Sozialversicherungsbeiträge: Neue Einstufung bei der Abrechnung

Die Flexirente führt künftig zu Änderungen im Beitrags- und Melderecht. Zwar wirken die neuen Hinzuverdienstgrenzen erst ab dem 1. Juli 2017. Änderungen in der sozialversicherungsrechtlichen Beitragsabwicklung sind aber schon ab dem 1. Januar 2017 umzusetzen. Grundlage künftiger Differenzierungen bei der Entgeltabrechnung ist stets die Frage, ob der Mitarbeiter sich noch im Zeitraum vor seiner persönlichen Regelaltersgrenze befindet oder diese schon überschritten hat.
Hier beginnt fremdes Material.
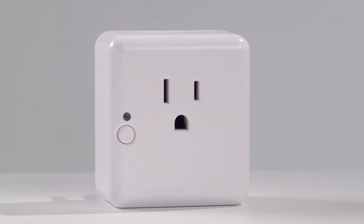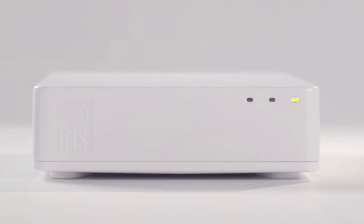It's easy to pair and install the IRIS Smart Plug. Here's how to get started. To begin, you should be in the same room as your hub.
Fall 1: Regelaltersgrenze am 1. Januar 2017 erreicht

Die Beschäftigung von Mitarbeitern, die die Regelaltersgrenze bereits überschritten haben, war bisher und ist auch künftig versicherungsfrei in der Renten- und Arbeitslosenversicherung. Es gilt auch weiterhin: Arbeitgeber müssen eine eigenständige Abgabe in Höhe des Arbeitgeberbeitrags in der Rentenversicherung abführen. Dies gilt zunächst auch für die Arbeitslosenversicherung. Hier wird die Abgabepflicht des Arbeitgeberanteils jedoch bis Ende 2021 ausgesetzt. Bis dahin kommt es also bei der Rentnerbeschäftigung zur Senkung der Lohnnebenkosten.

Neu ist jedoch: Der Mitarbeiter kann auf die Versicherungsfreiheit in der Rentenversicherung verzichten. In diesem Fall kommt es zum normalen Beitragsabzug des Gesamtsozialversicherungsbeitrags. Damit kann der Mitarbeiter seinen Rentenanspruch auch bei einer Weiterarbeit über die Regelaltersgrenze hinaus erhöhen. Den Verzicht auf die Versicherungsfreiheit muss der Beschäftigte schriftlich gegenüber dem Arbeitgeber abgeben. Die Erklärung ist gemäß der Beitragsverfahrensordnung zu den Entgeltunterlagen zu nehmen. Eine gesetzliche Verpflichtung des Arbeitgebers, den Mitarbeiter auf die Möglichkeit des Verzichts hinzuweisen, besteht nicht.

Auch die Mitarbeiter, die schon vor dem 1. Januar 2017 ihre Regelaltersgrenze überschritten hatten, können mit Wirkung ab dem 1. Januar 2017 auf die Versicherungsfreiheit verzichten.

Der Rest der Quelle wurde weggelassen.